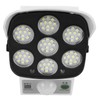 Solar LED Wall Light Simulated Camera Induction Lamp Remote Control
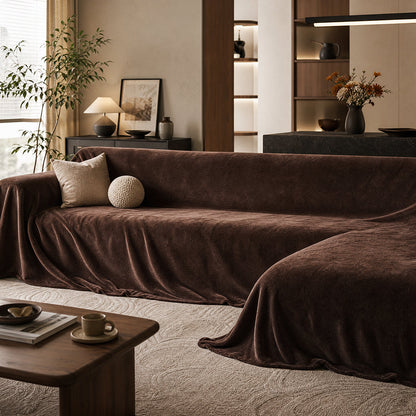 Heavy Weight Solid Color Multi-Material for Winter Sofa Blankets Fleece Fabric - Image 1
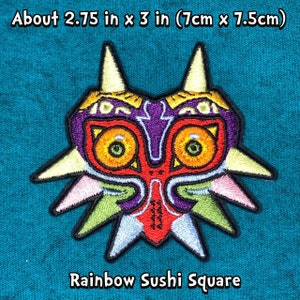 Look at this Spiky Evil Heart Mask! | Iron-On Embroidered Patch | video game merch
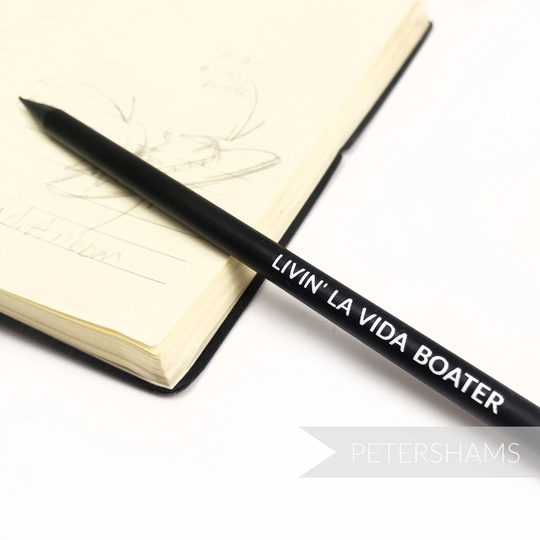 Livin' La Vida Boater 100% Recycled & Sustainable Pencils For Sketching Gifts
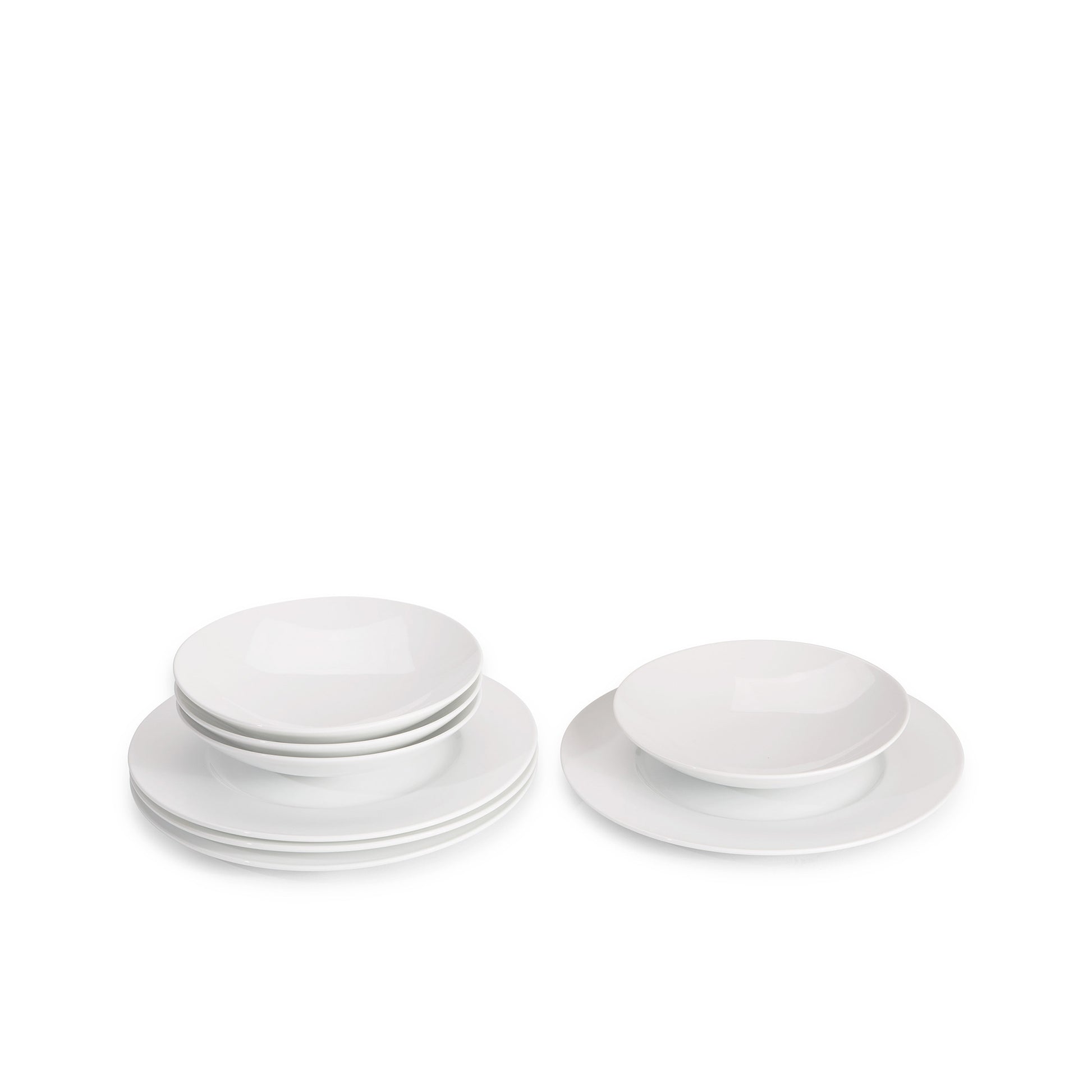 8-Piece White Porcelain Dinnerware Set (10 3/4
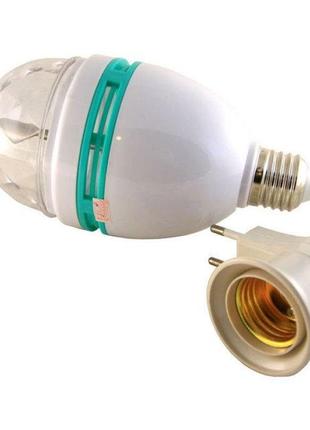 Диско лампа вращающаяся led lamp для вечеринок ly-399 white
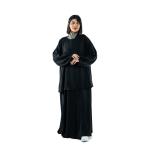 عباية بتطريز زهري وأكمام وتطريز مميز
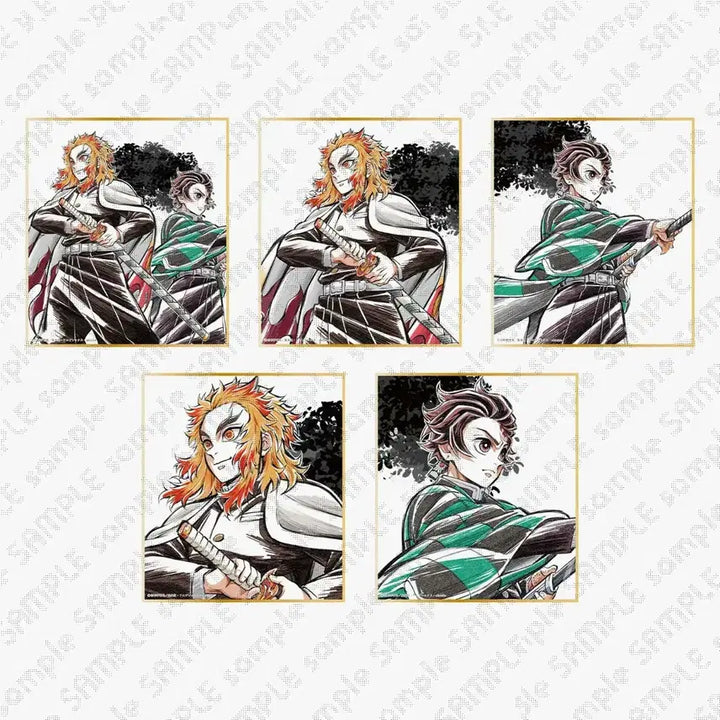 [BUNJANG] Demon Slayer: Mugen Train Arc Kyojuro &amp; Tanjiro Random Shikishi Board - Tanjiro / 귀멸의 칼날 무한열차편 렌고쿠&amp;탄지로 랜덤 색지 탄지로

------------------------------------------------

EXERCISE REQUIREMENTS:
With the pictures set aside, copy each line above as written.

TASK RESPONSE:
 Solar LED Wall Light Simulated Camera Induction Lamp Remote Control
 Heavy Weight Solid Color Multi-Material for Winter Sofa Blankets Fleece Fabric - Image 1
 Look at this Spiky Evil Heart Mask! | Iron-On Embroidered Patch | video game merch
 Livin' La Vida Boater 100% Recycled & Sustainable Pencils For Sketching Gifts
 8-Piece White Porcelain Dinnerware Set (10 3/4
 Диско лампа вращающаяся led lamp для вечеринок ly-399 white
 عباية بتطريز زهري وأكمام وتطريز مميز
 [BUNJANG] Demon Slayer: Mugen Train Arc Kyojuro &amp; Tanjiro Random Shikishi Board - Tanjiro / 귀멸의 칼날 무한열차편 렌고쿠&amp;탄지로 랜덤 색지 탄지로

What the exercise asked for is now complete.